Why 1%? My instance fails more than that all day on bad ad-hoc queries.
Then your baseline is unusually high and you should tune the threshold in the Sensitivity tab. 1% is the default because a well-behaved production instance, where applications send validated SQL, sits far below it. If interactive ad-hoc usage routinely pushes you over 1%, consider routing those users to a separate instance or profile so their typos do not mask real application-side faults.
The rate is over 1% but my QPS is tiny right now. Should I worry?
Read it carefully. At very low query volume the percentage is volatile: 1 failure out of 30 queries is over 3% but may just be one bad query. The sustained-5-minute gate helps, but at genuinely low volume always look at the absolute count too via Failed Queries (24h). The percentage is most meaningful at production query volumes.
My system.query_log is sampled, so the rate looks lower than reality.

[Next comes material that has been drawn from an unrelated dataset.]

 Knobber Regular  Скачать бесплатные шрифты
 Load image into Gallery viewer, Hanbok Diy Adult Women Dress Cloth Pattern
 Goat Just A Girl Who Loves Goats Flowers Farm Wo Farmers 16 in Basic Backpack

How do I fix it?
Set log_queries_probability = 1 (the default) so every query is logged. If a profile or query has lowered it for performance reasons, both this card and any manual query will undercount failures proportionally. Accurate error-rate measurement depends on a complete query log.
Does this include failed inserts and failed background merges?
Failed inserts that throw (including code 252 when the parts cap is hit) appear in system.query_log and are counted. Failed background merges are a different mechanism: they are logged in system.part_log and surfaced through the merge and parts cards, not here. This card is specifically the query-and-insert error rate.
On ClickHouse Cloud, is the query log available?
Yes. system.query_log is populated on ClickHouse Cloud the same way, and the rate query runs in the SQL console. The Cloud monitoring view also charts query error rate over time, which you can use to confirm the card’s spike windows against the managed service’s own readings.